Nowadays, the complexity of architectural projects requires the use of materials with high technical performance which are sustainable, innovative, readily available, reusable, durable, easy to maintain and expressive. Classic materials remain at the base of architectural and design concepts, but, at the same time, cultural needs have encouraged the emergence and rediscovery of new products able to support them and interact with them.

In this regard, an ancient material as old as wood, stone and marble, confidently represents this innovative spirit and the required design freedoms: ceramic.
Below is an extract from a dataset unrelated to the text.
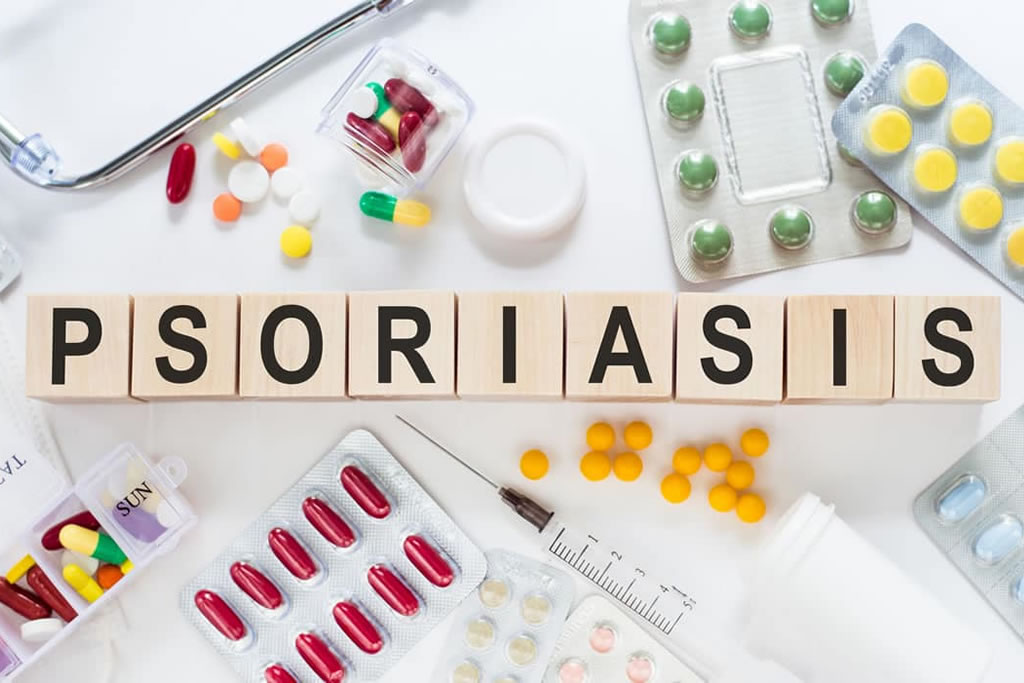 Lijekovi za psorijazu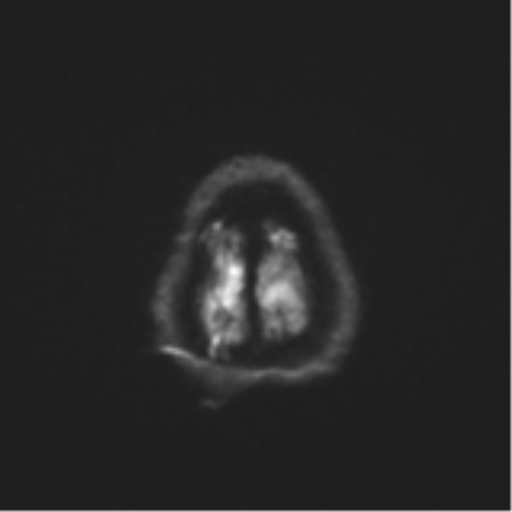 Cerebral toxoplasmosis (Radiopaedia 54575-60804 Axial DWI 62).png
Today in its contemporary reinterpretation, porcelain stoneware, it is offered as a versatile and high-performance material which allows, in the same context, the most varied aesthetic inspirations to be created with no specific technical limits. It has high resistance, durability and waterproofing; it is obtained from the processing of natural materials and has a sustainable production cycle; it is easy to maintain and easily washable; it is fire-retardant and resistant to freezing; it is a design material due to its graphic decorations, colours, finishes and sizes offered on the market.

Between tradition and innovation: Penthouse One-11

Penthouse One-11, in the residences designed by Zaha Hadid at CityLife, represents an exemplary case in which traditional materials and innovative materials interact with each other to create a united space with a bold aesthetic impact. The prestigious apartment is presented as a large fluid environment without continuity solutions in which oak parquet flooring, raw iron sheets, Corian surfaces, glass windows and lacquered panels are elegantly combined with large porcelain stoneware slabs inspired by natural stones and marbles: the result is a perfect combination of tradition and innovation, naturalness and technicality.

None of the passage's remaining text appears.